Usage: steno-similar [OPTIONS] DBFILE1 DBFILE2
Options:
-m float
match threshold (0=no matching, 1=all ngrams matched) (default 0.4)
-n int
ngram size (default 3)
-s int
ignore articles shorter than this this number of words (default 100)
-v verbose output
-l string
language (en/ru/es)
eg:
$ steno-similar -m 0.5 -v poop1.db poop2.db
Indexing algorithm:
1) initialise the ngram table (to hold a list of doc IDs for each possible ngram)
2) For each document in the source:
a) lowercase text, remove punctuation, remove stopwords, apply stemming
eg:
doc 1: "National Socialism is a bit silly."
doc 2: "Nihilists! Fuck me.
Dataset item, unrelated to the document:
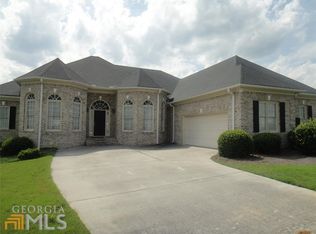 2134 NW Julien Overlook, Conyers, GA 30012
I mean, say what you want about the tenets of National Socialism, Dude, at least it's an ethos."
becomes:
doc 1: "nation social silly"
doc 2: "nihili fuck mean tenet nation social dud ethos"
b) split into ngrams
eg (with ngramSize=2)
doc 1: " nation social" "social silly"
doc 2: "nihili fuck", "fuck mean", "mean tenet", "tenet nation", "nation social", "social dud" "dud least" "least ethos"
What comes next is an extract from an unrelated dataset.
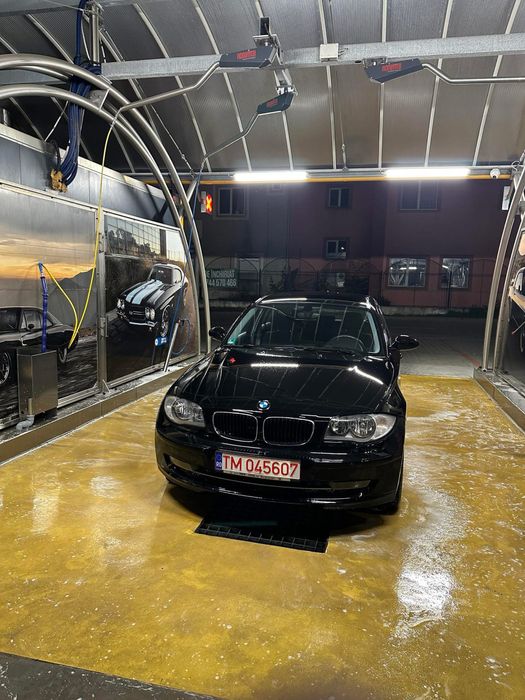 Vand Bmw seria 1 116i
c) go through each ngram and append the doc id to its slot in the ngram table.
So, after indexing the two example docs above, the ngram table looks like this:
"nation social" => [1,2]
"social silly" => [1]
"nihili fuck" => [2]
"fuck mean" => [2]
"mean tenet" => [2]
"tenet nation" => [2]
"social dud" => [2]
"dud least" => [2]
"least ethos" => [2]
Matching algorithm:
to match a document ("the query doc")against the index:
eg doc 3: "National socialism is fucking mean."
1) split up the document text into ngrams, as above.
=> doc 3: "nation social" "social fuck" "fuck mean"
2) get a list of _all_ the potential match docs which contain any of those ngrams
=>
"nation social" => [1,2]
"social fuck" => [] (empty - wasn't in original corpus)
"fuck mean" => [2]
so the potential match docs are: [1,2]
For each one we calculate a match factor:
a) count how many of the query doc ngrams appear in this potential match doc
=> docid 1: 1 match
=> docid 2: 2 matches
b) divide by the number of ngrams in the query doc to get match factor
=> docid 1: 1/3 = 0.33333...
=> docid 2: 2/3 = 0.66666...
c) discard any documents below the match threshold
d) perform a diff to compare the original text of the two documents
(NOT the ngrams!) and display this in the HTML report